*** Begin section ***

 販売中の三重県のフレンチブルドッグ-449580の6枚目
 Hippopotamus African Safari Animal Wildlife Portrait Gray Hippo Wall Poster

*** End section ***
*** Begin section ***

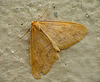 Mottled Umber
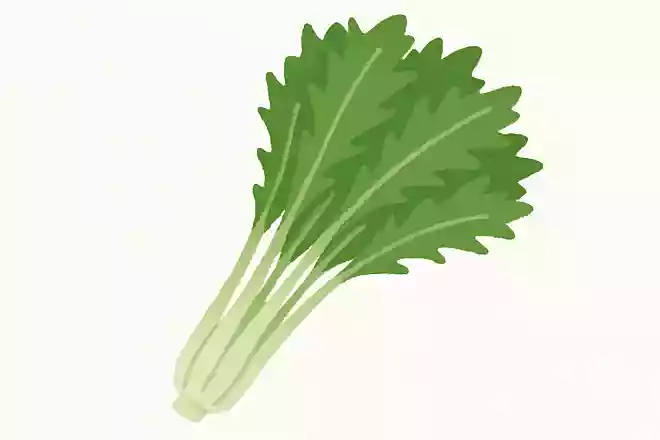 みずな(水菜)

*** End section ***

• WORK TO COMPLETE
Among the entries above, the lines between the ones containing "販売中の三重県のフレンチブルドッグ-449580の6枚目" and "Hippopotamus African Safari", inclusive, are to be transcribed exactly. No other line is to be given.

• SOLUTION FOR THIS EXERCISE
 販売中の三重県のフレンチブルドッグ-449580の6枚目
 Hippopotamus African Safari Animal Wildlife Portrait Gray Hippo Wall Poster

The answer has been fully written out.